Spill the Wine, Take That Girl to the Dzalbay

Dear lord, that’s a smoove groove. The smoovest, I think. Eric Burdon is fun, but borderline superfluous to the proceedings. The backup band, War, eventually thought so too, and they had eleventy hits in the seventies after they left Eric out on the curb. Audiences generally figure that the band is just the singer, with some other mostly anonymous guys standing behind him. The other guys always resent that, but then again, if they could stand out front, they would. I’ve had an arena-rock caliber singer fronting a band I was in for a short while. We all loathed him, but he delivered the mail, so we put up with it. For a while, anyway. I’m not lumping Eric in with him. Eric might be a decent human being. How would I know?

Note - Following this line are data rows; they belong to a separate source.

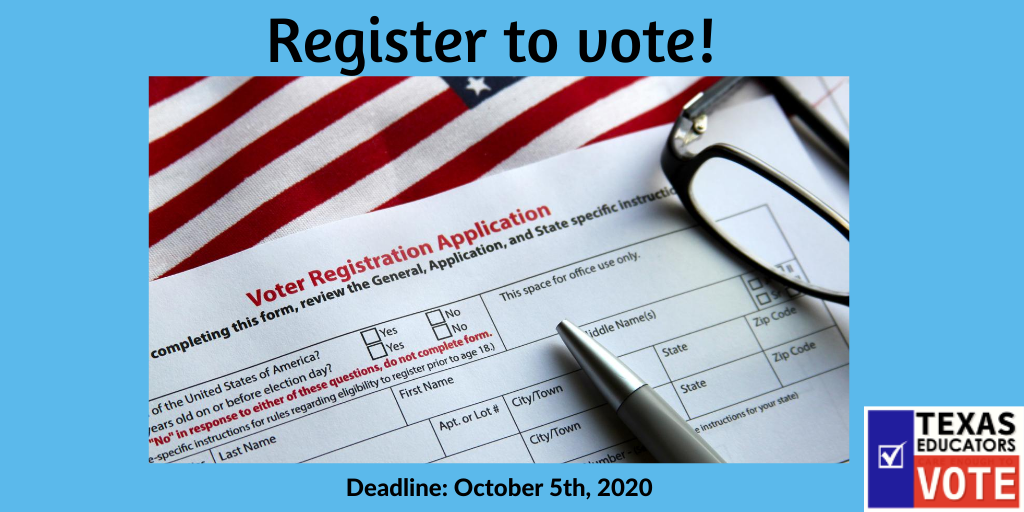 Register to VOTE!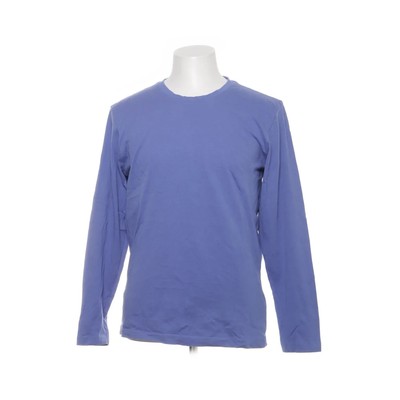 Tchibo, Langarmshirt, Größe: 48/50, Lila, Baumwolle, Einfarbig, Herren #hty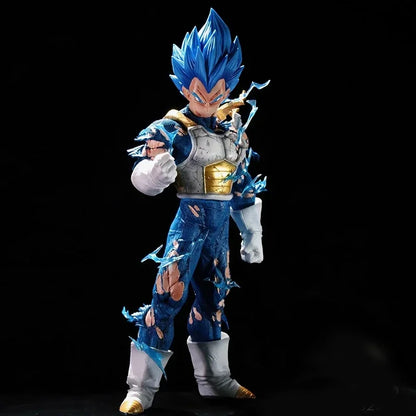 26.5cm Dragon Ball Z Vegeta PVC Action Figure Statue Model Toy Gift - vegeta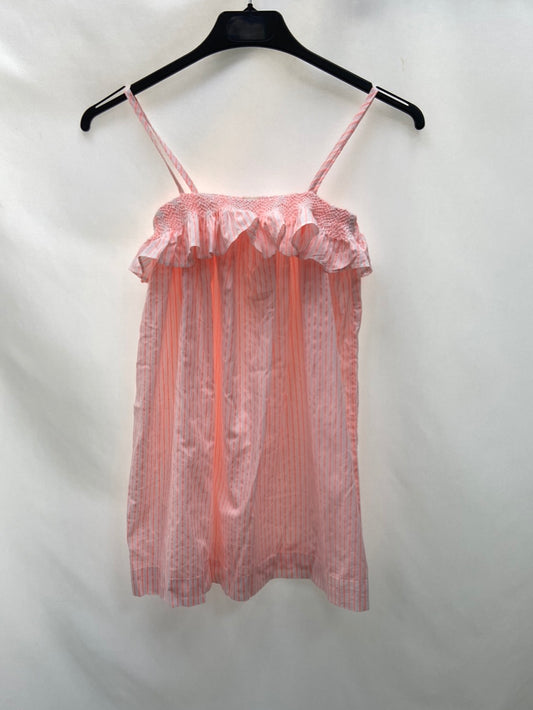 GOCCO. Striped dress size 7-8 years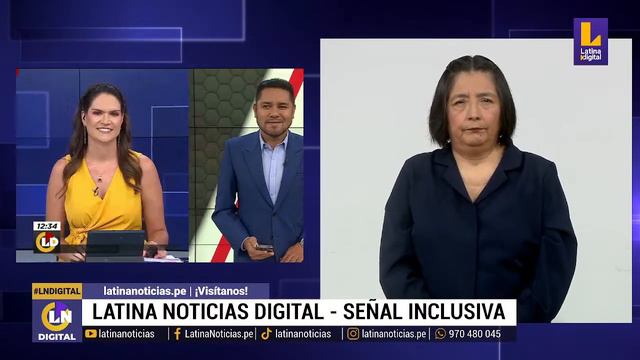 LATINA EN VIVO: EDICIÓN INCLUSIVA - JUEVES 14 DE MARZO DE 2024 смотреть онлайн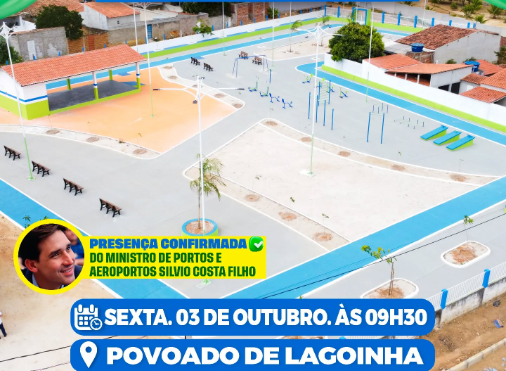 Read more about the article Prefeitura de Brejinho entrega Academia da Saúde com presença de Ministro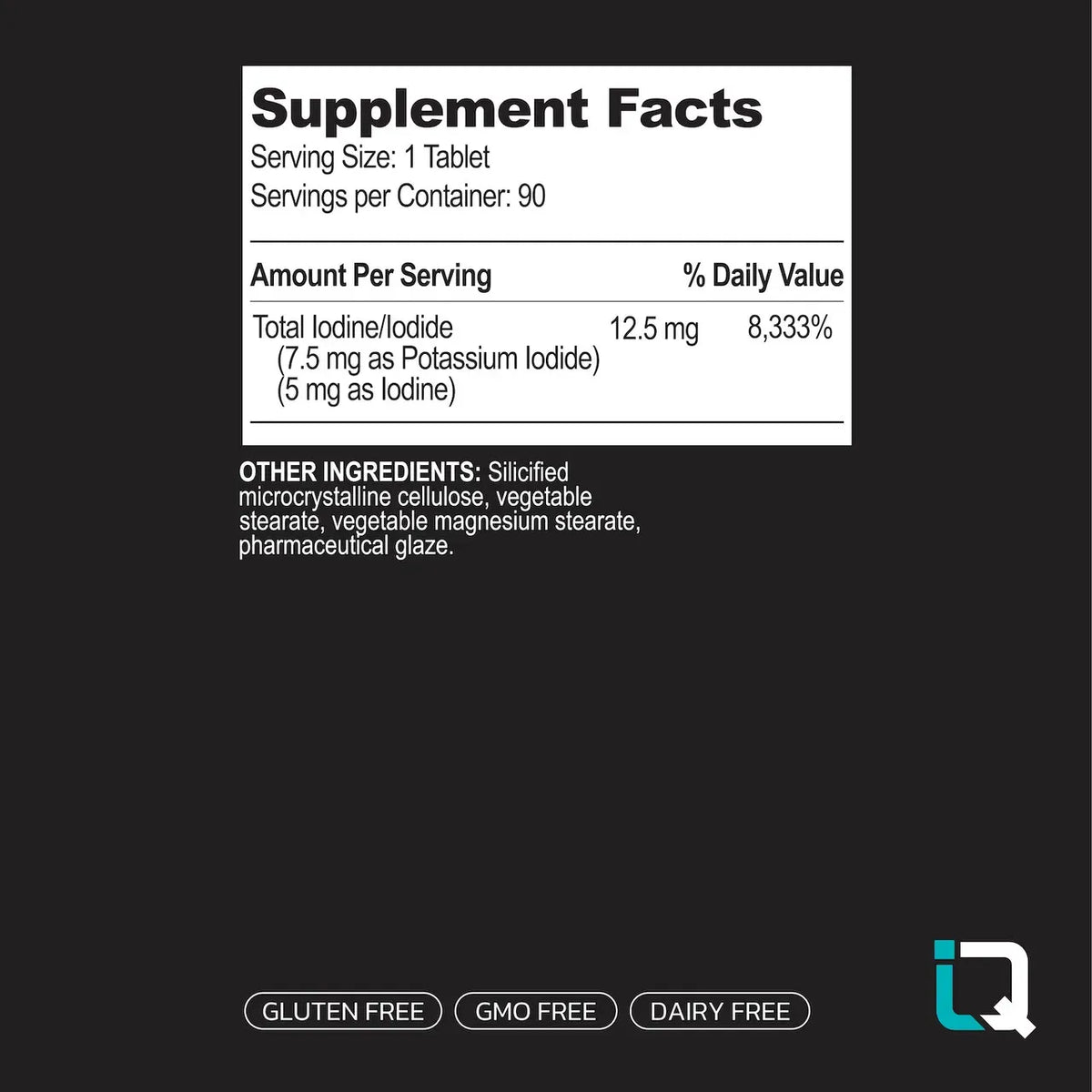 Iodine Fortify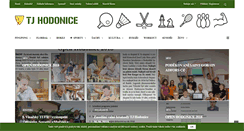Desktop Screenshot of hodonice.info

Watch the video. We’ll skip right over the guitar player’s hot pants, if you don’t mind. Let’s talk about Harold Brown on the drums. I owe him something. I’ll pay it now, in the humble scrip of my attention. I wanted to play the drums when I was a kid, but the school wouldn’t let me. They handed me a trombone instead, which everyone knows is plumbing, not music. When I got older I could do as I pleased, and I got a set of drums and set myself to learn. I learned to mimic this little drag beat from Harold, and from this song. It was already an oldie but goodie by the time I cannibalized it, but it’s a hardy perennial in the groove department.

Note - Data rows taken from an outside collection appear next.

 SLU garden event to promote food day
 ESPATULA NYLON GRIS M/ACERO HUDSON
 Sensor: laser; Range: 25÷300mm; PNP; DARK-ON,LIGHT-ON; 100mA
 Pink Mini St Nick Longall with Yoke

When you hear a groove like this, you could easily miss something like the little flourish Harold is using to drive the beat along. You’d just enjoy the whole thing, and find yourself energized to hear it, maybe want to get up and dance without knowing why. We called it the drag beat. I’m not sure if it has some official name. It’s more of a knack than something you practice, like rolling your R’s when you speak Spanish. With your left hand (if you’re right-handed), you loosen your grip, and sort of skim or drag the tip of the stick across the snare drum head. It bounces twice, quietly, like a trill, and then you strike the snare fully on the 2nd and 4th beats that follow the drag. The soft drag is the equivalent of two grace notes, if you know what that is.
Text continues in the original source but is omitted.